Warren Jacmot

Personal information
- Full name: Warren Jacmot
- Date of birth: March 19, 1987 (age 39)
- Place of birth: Lyon, France
- Height: 1.77 m (5 ft 10 in)
- Position: Right-back

Team information
- Current team: Lyon La-Duchère

Youth career
- Lyon

Senior career*
- Years: Team / Apps / (Gls)
- 2002–2003: Lyon B / 30 / (0)
- 2003–2005: Rangers / 0 / (0)
- 2005–2006: Lyon La-Duchère / 22 / (0)
- 2006–2007: Amiens SC / 21 / (1)
- 2008–: Lyon La-Duchère / 76 / (0)

= Warren Jacmot =

French footballer (born 1987)

Warren Jacmot (born March 19, 1987, in Lyon) is a French football defender.
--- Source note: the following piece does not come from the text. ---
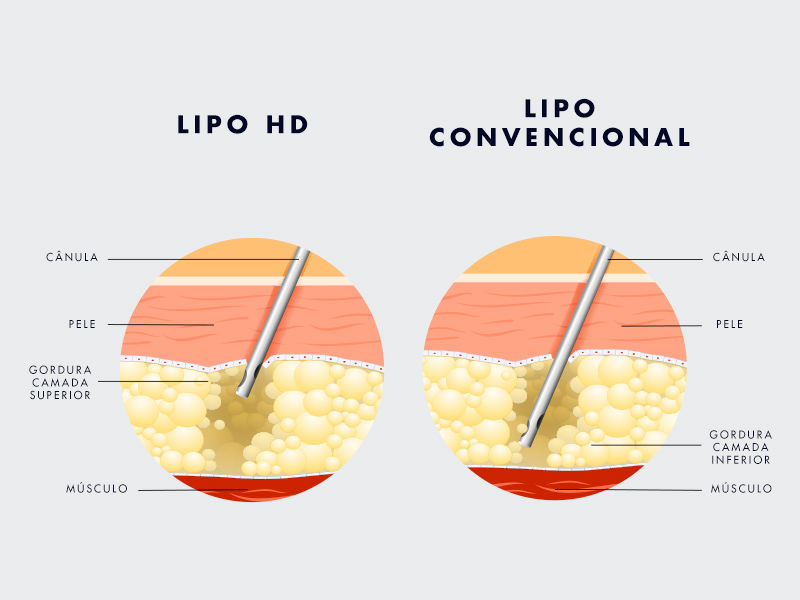 Qual a diferença da Lipo HD para a Lipoaspiração? lipo lad lipoaspiracao convencional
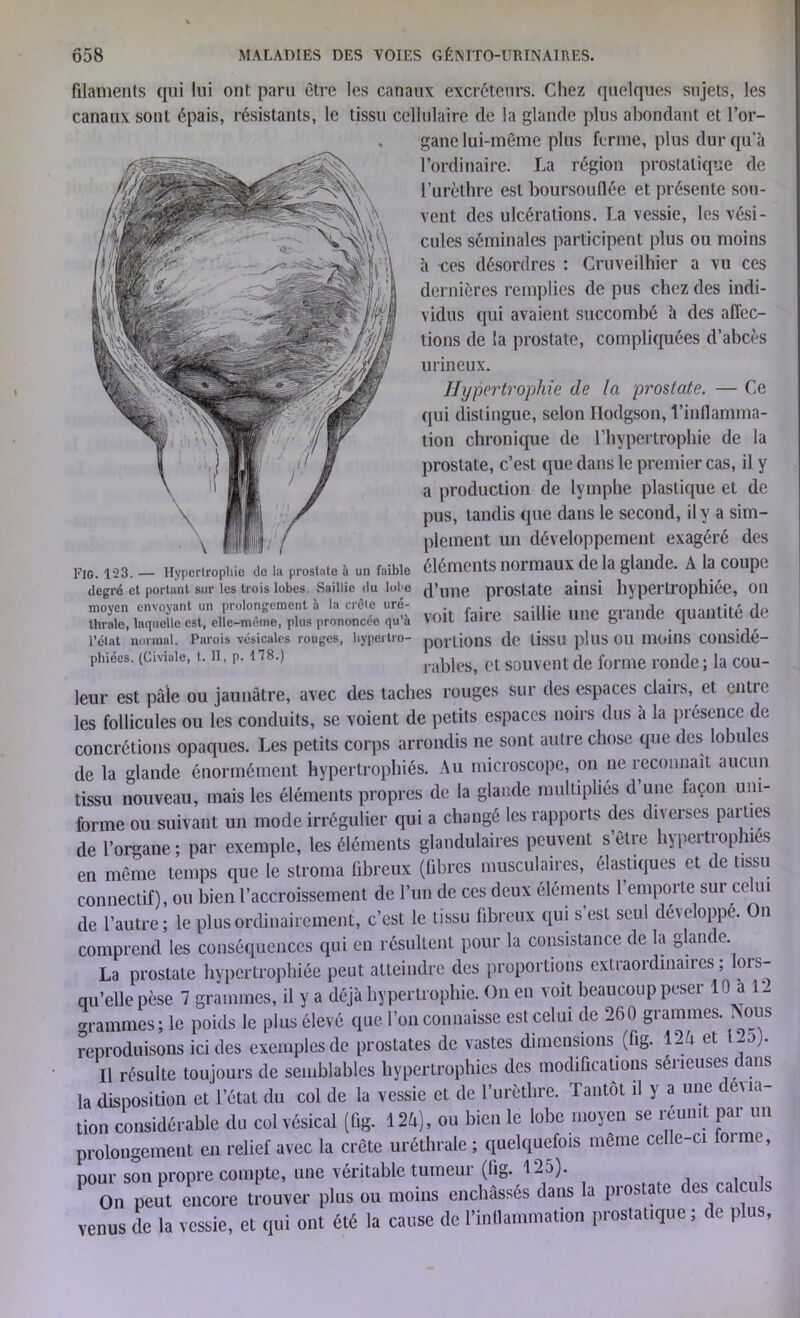 filaments qui lui ont paru être les canaux excréteurs. Chez quelques sujets, les canaux sont épais, résistants, le tissu cellulaire de la glande plus abondant et l’or- gane lui-même plus ferme, plus dur qu’à l’ordinaire. La région prostatique de l’urèthre est boursouflée et présente sou- vent des ulcérations. La vessie, les vési- cules séminales participent plus ou moins à ces désordres : Cruveilhier a vu ces dernières remplies de pus chez des indi- vidus qui avaient succombé à des affec- tions de la prostate, compliquées d’abcès urineux. Hypertrophie de la 'prostate. — Ce qui distingue, selon Ilodgson, l’inflamma- tion chronique de l’hvpertrophie de la prostate, c’est que dans le premier cas, il y a production de lymphe plastique et de pus, tandis que dans le second, il y a sim- plement un développement exagéré des Fig. 123. - Hyperirophi'e de il presse à un faible éléments normaux de la glande. A la coupe degré et portant sur les trois lobes. Saillie du lobe prostate ainsi livpertl’ophiée, 011 voit faite saillie une grande quantité de l’élat normal. Parois vésicales rouges, byp.ertro- portions de tissu plus OU moins COllSldé- phiées. (Civiuie, t. il, p. iT8.) râbles, et souvent de forme ronde; la cou- leur est pâle ou jaunâtre, avec des taches rouges sur des espaces clairs, et entre les follicules ou les conduits, se voient de petits espaces noirs dus à la présence de concrétions opaques. Les petits corps arrondis ne sont autre chose que des lobules de la glande énormément hypertrophiés. Au microscope, on ne reconnaît aucun tissu nouveau, mais les éléments propres de la glande multipliés d une façon uni- forme ou suivant un mode irrégulier qui a changé les rapports des diverses parties de l’organe; par exemple, les éléments glandulaires peuvent s’être hypertrophiés en même temps que le stroma fibreux (fibres musculaires, élastiques et de tissu connectif), ou bien l’accroissement de l’un de ces deux éléments 1 emporte sur ce ui de l’autre; le plus ordinairement, c’est le tissu fibreux qui s est seul dé\ eloppe. n comprend les conséquences qui en résultent pour la consistance de la glande. La prostate hypertrophiée peut atteindre des proportions extraordinaires ; lors- qu’elle pèse 7 grammes, il y a déjà hypertrophie. On en voit beaucoup peser 10 a 1 - grammes; le poids le plus élevé que l’on connaisse est celui de 260 grammes. ISous reproduisons ici des exemples de prostates de vastes dimensions (fig. 12^ et -n). Il résulte toujours de semblables hypertrophies des modifications sérieuses t ans la disposition et l’état du col de la vessie et de l’urèthre. Tantôt il y a une t eua tion considérable du col vésical (fig. 124), ou bien le lobe moyen se réunit par un prolongement en relief avec la crête uréthrale; quelquefois meme celle-ci foi me, pour son propre compte, une véritable tumeur (fig. 125). P On peut encore trouver plus ou moins enchâssés dans la prostate des calculs venus de la vessie, et qui ont été la cause de l'inflammation prostatique , de plus.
He represented France at Under-17 level. He currently plays for Lyon La-Duchère.

==Career==
Jacmot was a junior with Olympique Lyonnais from where he joined Scottish side Rangers in February 2004, as part of the Rangers Youth Development Company. He played in the 2004 SFA Youth Cup Final, Rangers losing to Kilmarnock, but was released at the end of the 2004–05 season.

He rejoined Lyon La-Duchère in 2008.